I'm Gabe Fleisher, reporting live from WUTP World HQ in my bedroom. It’s Thursday, March 7, 2019. 333 days until the 2020 Iowa caucuses. 607 days until Election Day 2020. Have comments, questions, suggestions, or tips? Email me at email@example.com.
House Democrats divided over response to Omar comments
This was supposed to be a landmark week for the new House Democratic majority, as they ushered their main legislative priority — H.R. 1, the For the People Act, a sweeping political reform bill — to passage. But attention on the measure has diminished as focus has instead gone to the division in the caucus over how to respond to recent comments by Rep. Ilhan Omar (D-MN) suggesting supporters of Israel have an "allegiance to a foreign country."
Her comments sparked immediate condemnation by senior House Democrats, including Foreign Affairs Committee chairman Eliot Engel (D-NY), who called the Minnesotan's words "unacceptable and deeply offensive," accusing Omar of "invoking a vile anti-Semitic slur," and calling on her to apologize. Omar is a member of the Foreign Affairs panel Engel leads.

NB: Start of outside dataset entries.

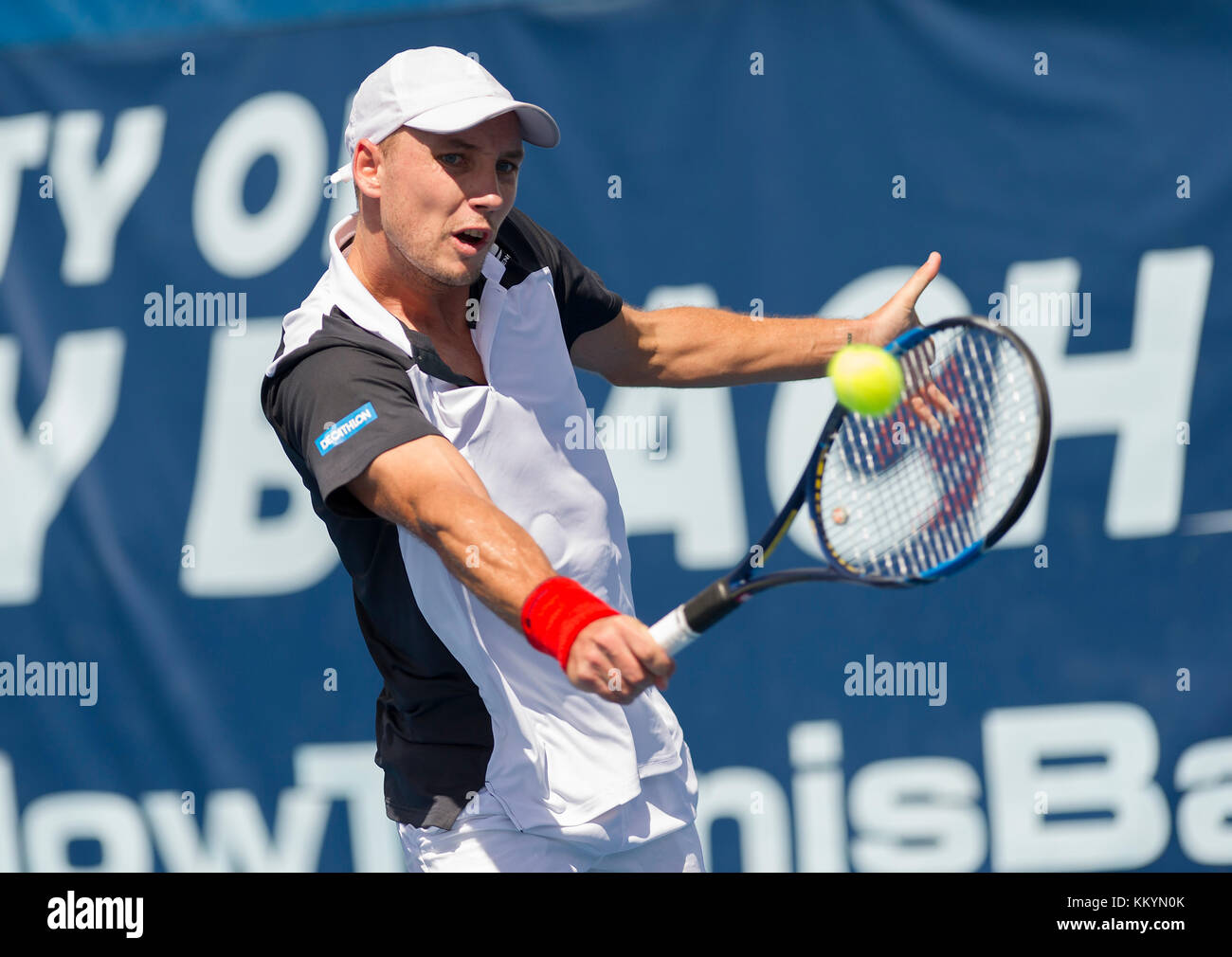 DELRAY BEACH, FL- FEBRUAR 23: Steve Darcis Tag 7 bei den 2017 Delray Beach Open ein ATP 250 Veranstaltung am Februar 23, 2017 in Delray Beach, Florida. Personen: Steve Darcis Übertragung Ref: MNC20 Stockfoto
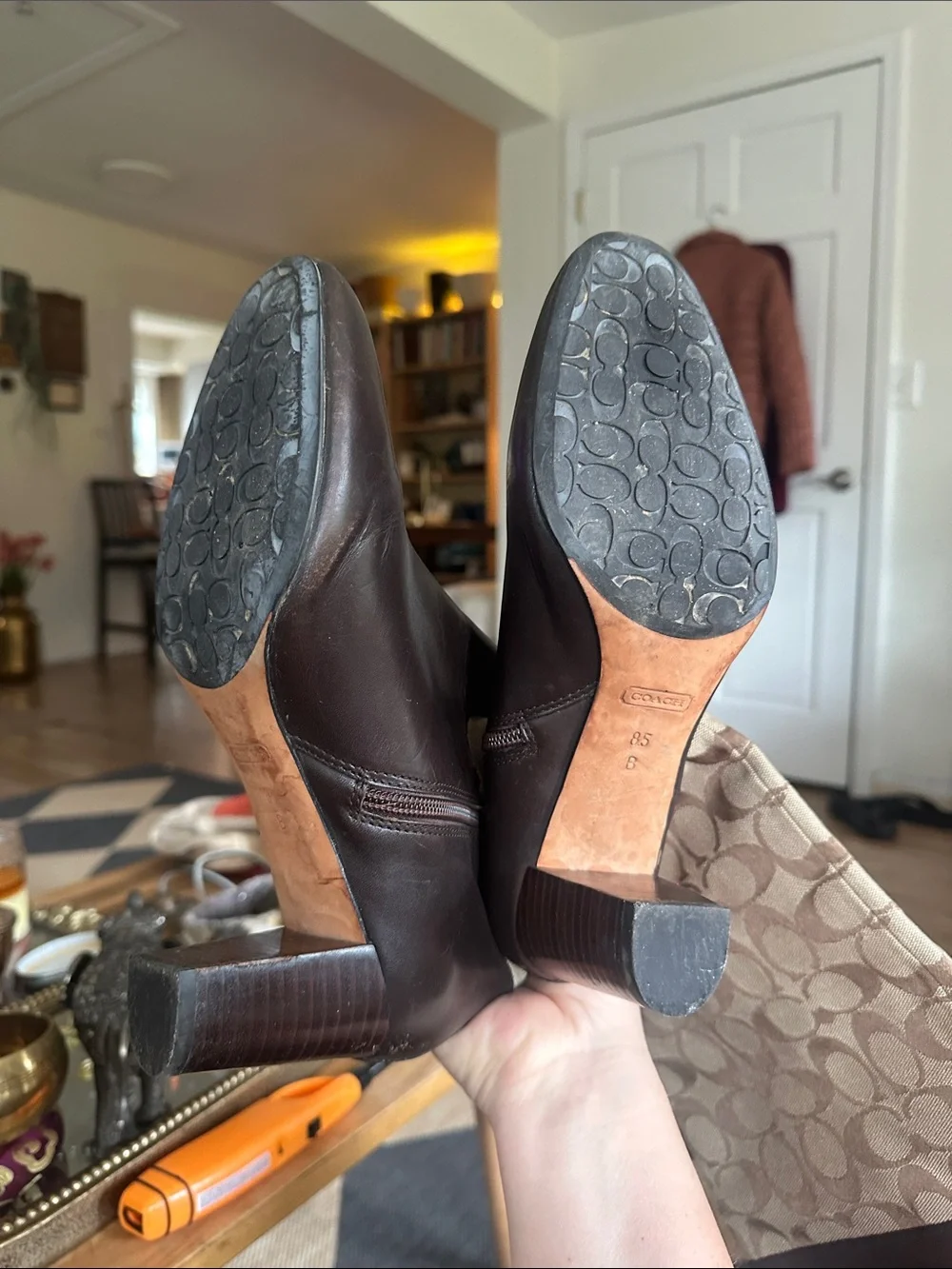 Coach Signature Canvas Leather Boots Brown knick to wood heel  marks Size 8.5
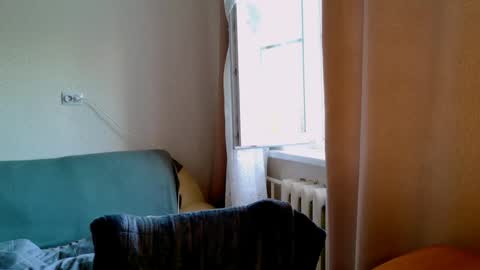 maybloom_ online show from 05-15-26, 05:14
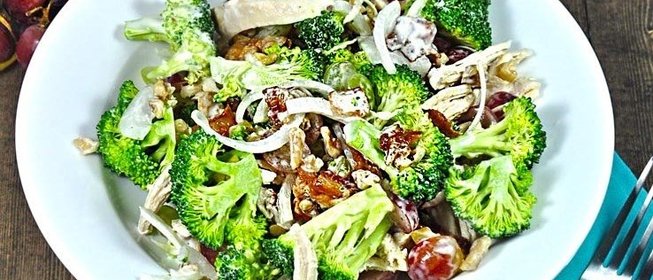 Салат с курицей и брокколи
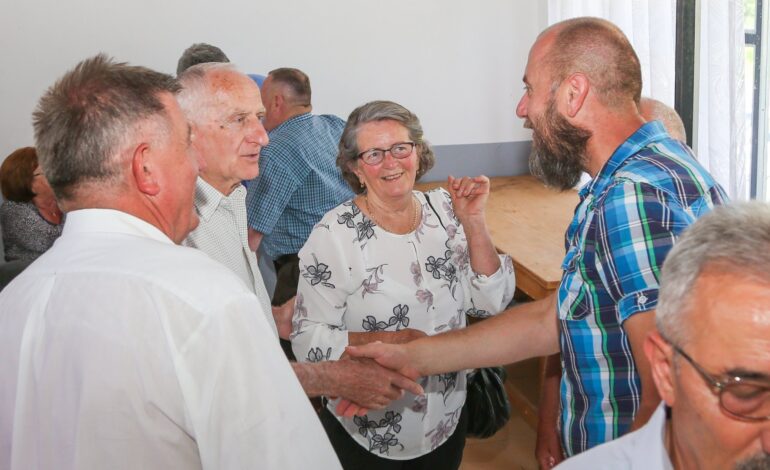  Бивши ученици школе у Драгељима прославили 60 година матуре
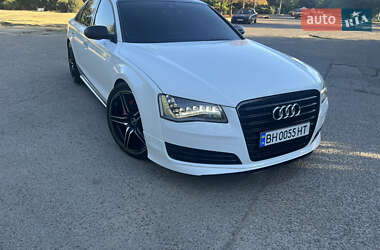 Седан Audi A8 2012 в Одесі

House Speaker Nancy Pelosi (D-CA) and her top lieutenants in the Democratic leadership scrambled to draft a resolution condemning anti-Semitism that was originally slated to receive a Wednesday vote on the House floor. The resolution did not name Omar specifically, but it would have condemned the "dual loyalty" stereotype about American Jews she has been accused of propagating. It would have been the second time in Omar's first two months in Congress that the House voted on an anti-Semitism resolution in response to comments she made; the first was in February, when she suggested that lawmakers' support for Israel had financial motivations, tweeting: "It's all about the Benjamins baby," referring to $100 bills.
But then the resolution was pushed to Thursday, and now it's not expected to receive a vote this week at all, a result of internal division among House Democrats over the proper response to Omar's controversial remarks.

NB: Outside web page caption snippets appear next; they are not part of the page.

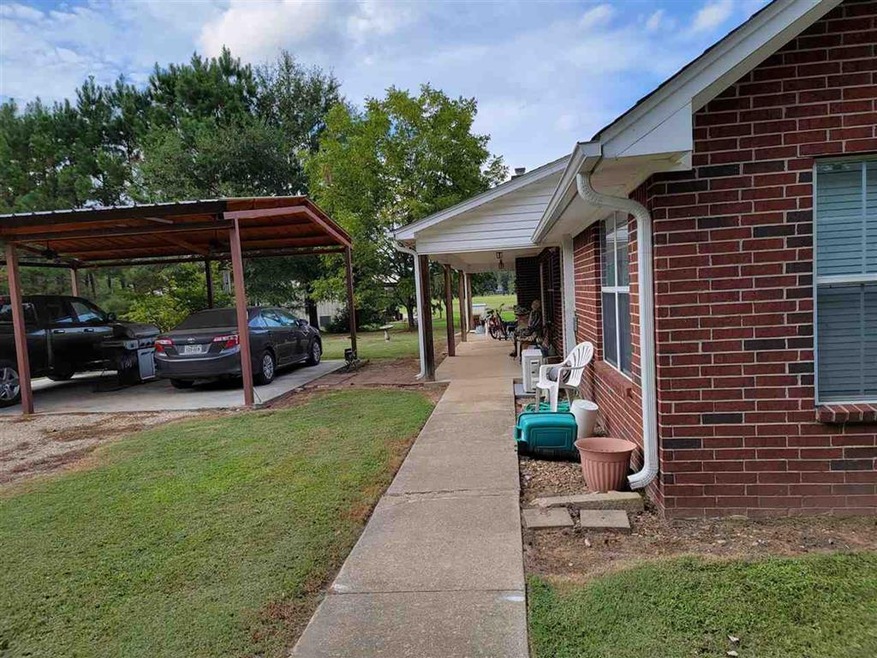 394 Brower Ln, Texarkana, TX 75501 - photo 1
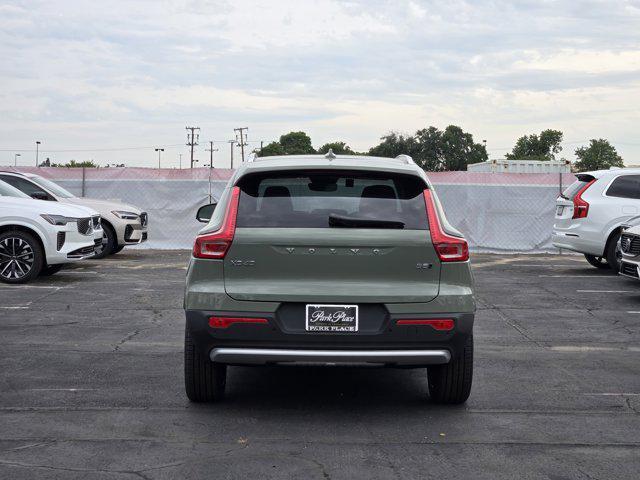 new 2025 Volvo XC40 car, priced at $50,610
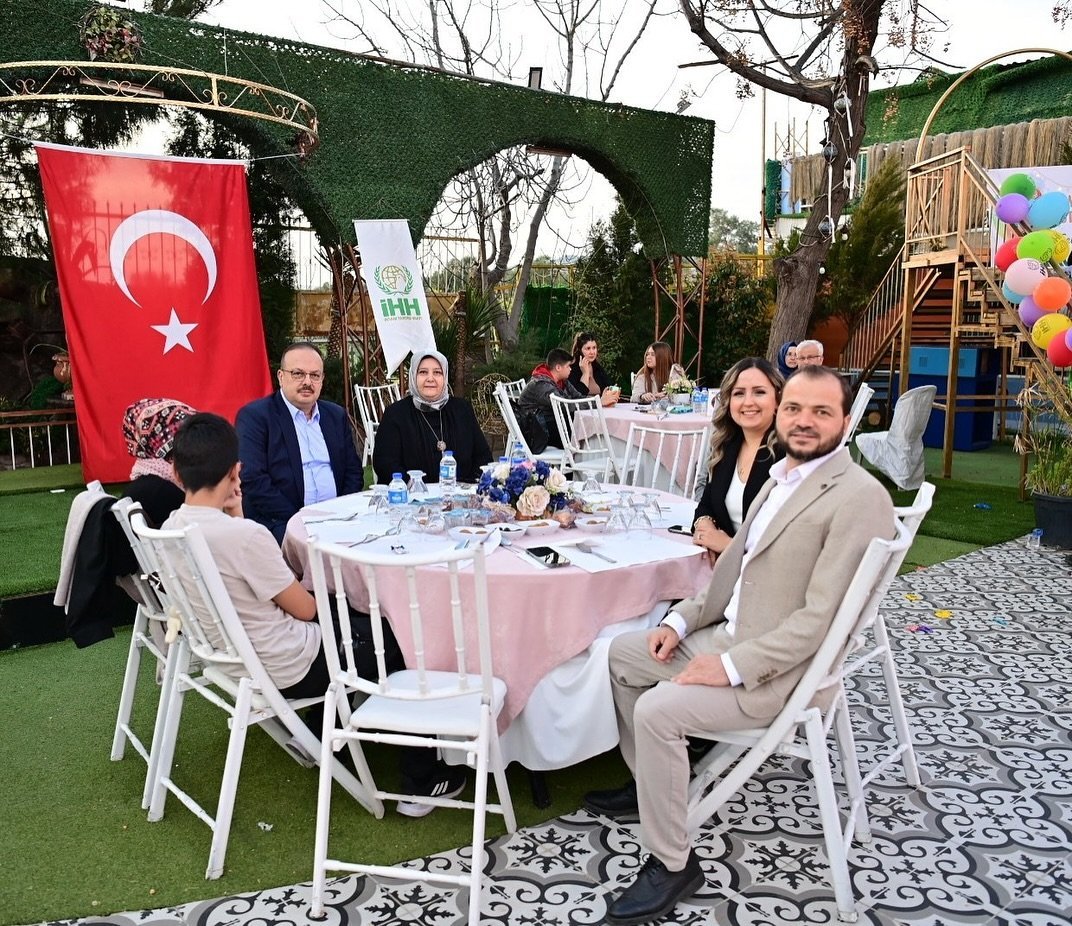 Aydın’ın yetim çocuklar iftarda buluştu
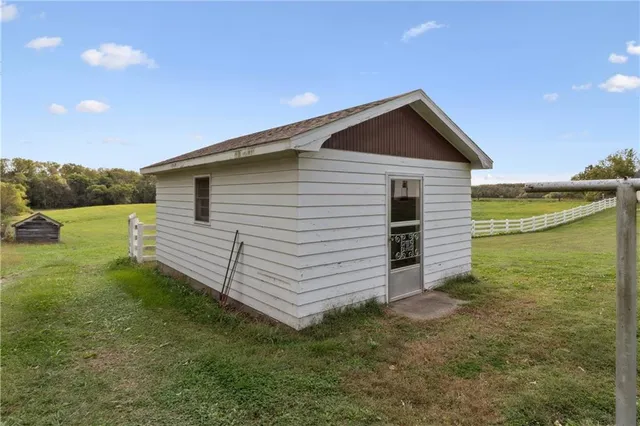 $325,000 | 915 South Locust Street, Sweet Springs, MO 65351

According to the Washington Post, a closed-door caucus meeting turned contentious Wednesday as Democratic lawmakers debated whether to vote on the anti-Semitism resolution. "Why are we doing this?" Rep. Bonnie Watson Coleman (D-NJ) asked, according to the Post, calling the proposed resolution "redundant and unnecessary." Many members of the Congressional Black Caucus also rose in opposition to the resolution, arguing that Omar was being unfairly singled out.
According to Politico, Rep. Jahana Hayes (D-CT) "stood up and confronted Pelosi directly" at the Wednesday meeting about the speed with which the resolution was prepared, leading the speaker to respond, "Well if you're not going to listen to me, I'm done talking," and walk out of the room. Other freshman congresswomen allied with Omar, most notably Rep. Alexandria Ocasio-Cortez (D-NY), have also rallied to her defense on Twitter, leading to intra-caucus sniping playing out in public.
"Everyone stop tweeting!" Rep. Jan Schakowsky (D-IL), a Pelosi ally, pleaded with Democrats during the caucus meeting, according to the Post.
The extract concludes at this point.